*WHAT IS NEEDED*: In the records below, the part to copy starts at the line containing "Kaliwal_804's tweet photo." and goes to the last line; output it exactly, without pictures.

*RECORDS FOR THE TASK*:

*** Begin section ***

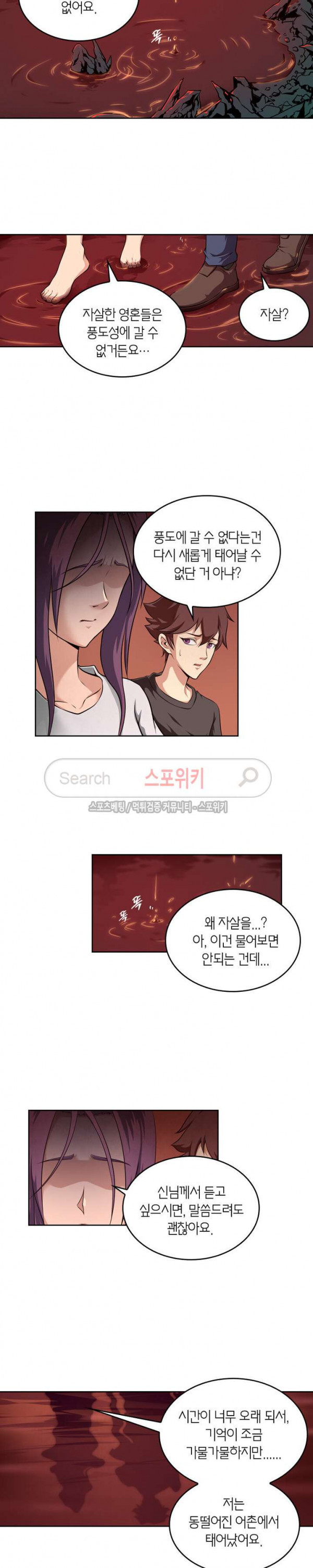God at Random Ch.69 p7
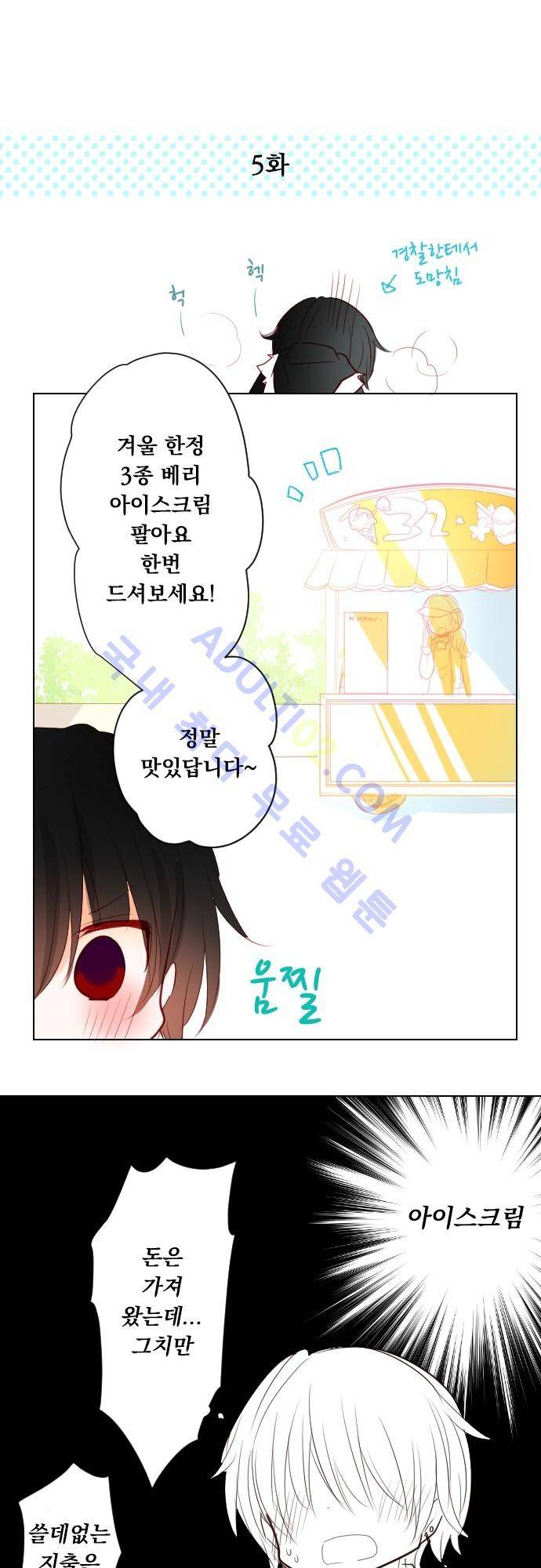 뒷골목에 살아요 15.2화 9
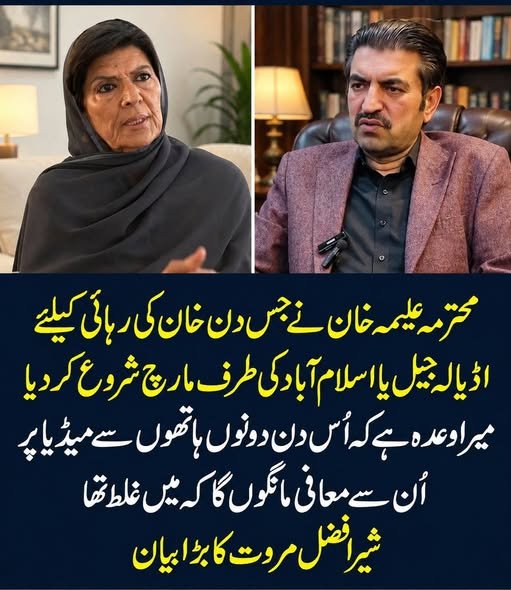Kaliwal_804's tweet photo. معافی کب مانگ رہے ہو؟ https://t.co/cJdoIAEplb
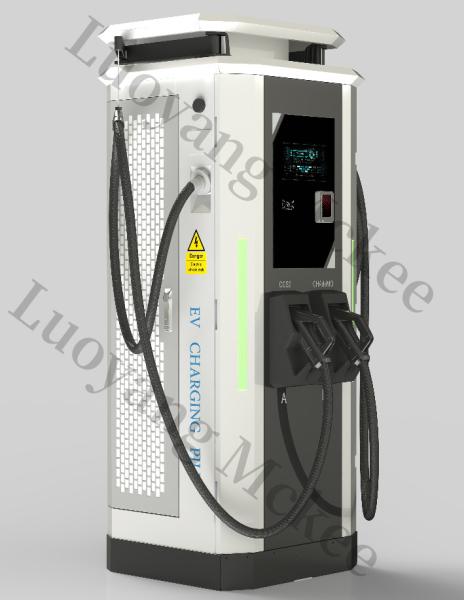 Commercial Fast Electric Car Charging Station Fast Dc Ev Charger Station 60kw
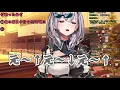 【朗読ソング】「かつて天才だった俺たちへ」を朗読する団長【白銀ノエル】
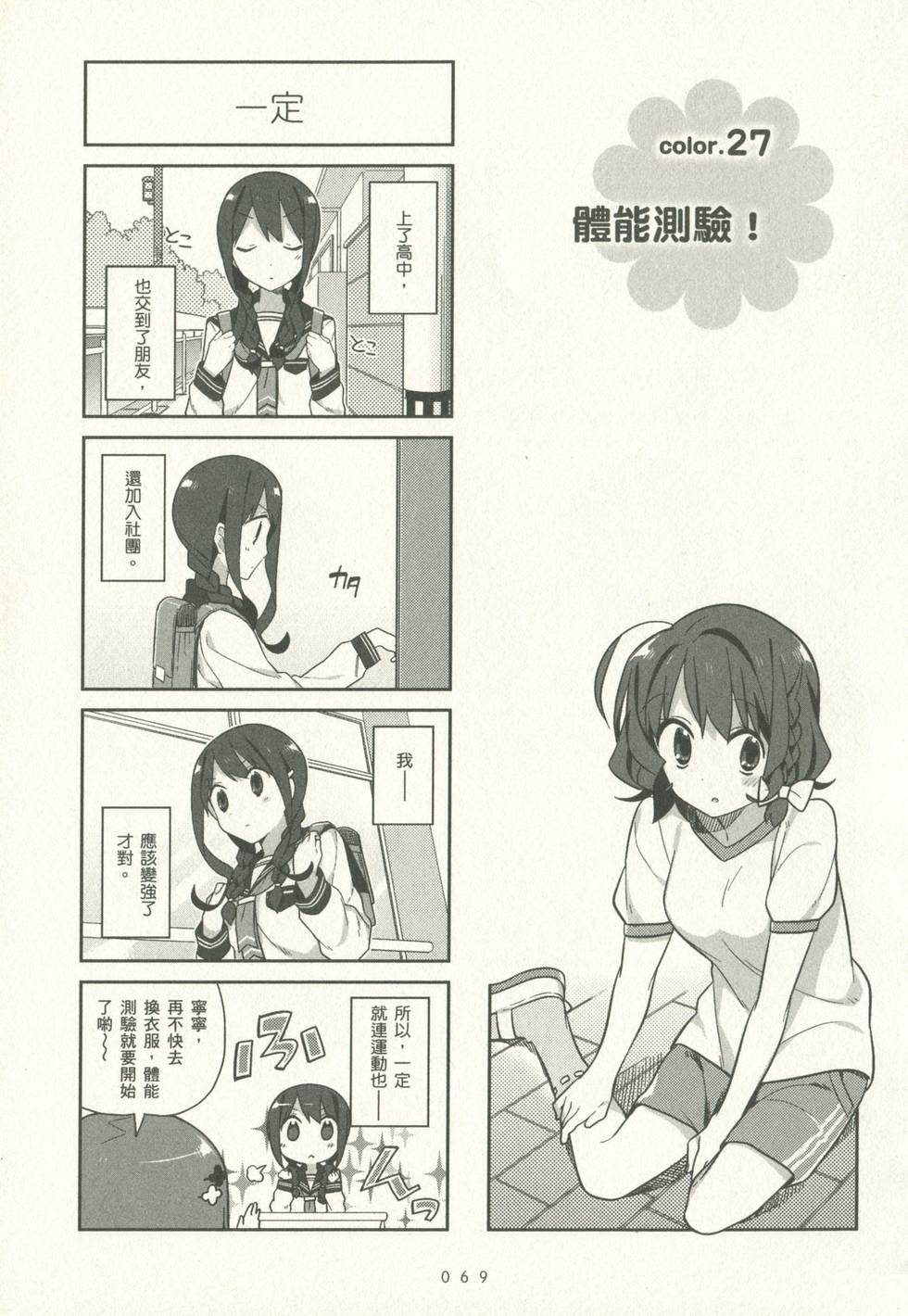 第68页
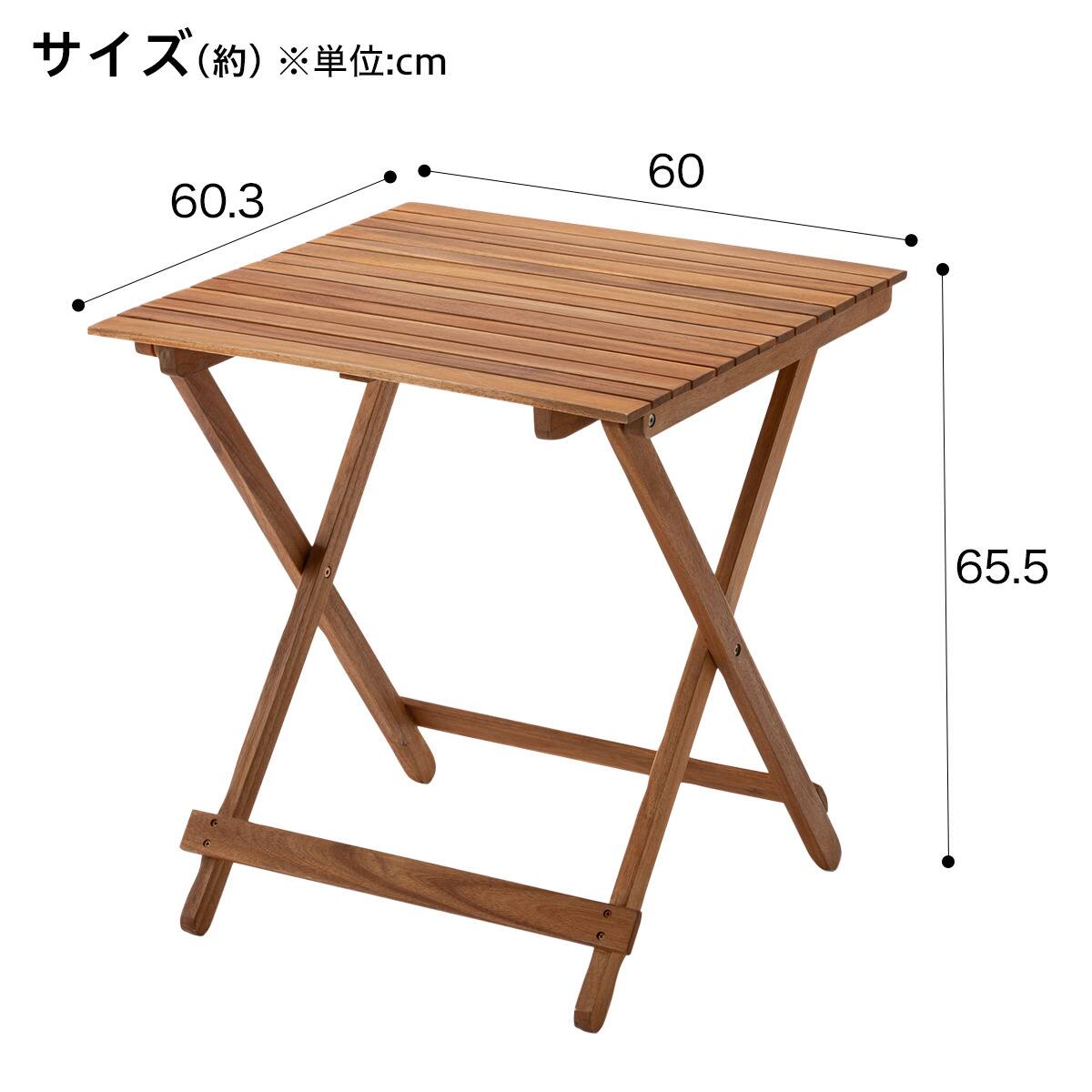 木製折りたたみテーブル Ins通販 ニトリネット 公式 家具 インテリア通販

*** End section ***

*ANSWER SECTION*:
Kaliwal_804's tweet photo. معافی کب مانگ رہے ہو؟ https://t.co/cJdoIAEplb
 Commercial Fast Electric Car Charging Station Fast Dc Ev Charger Station 60kw
 【朗読ソング】「かつて天才だった俺たちへ」を朗読する団長【白銀ノエル】
 第68页
 木製折りたたみテーブル Ins通販 ニトリネット 公式 家具 インテリア通販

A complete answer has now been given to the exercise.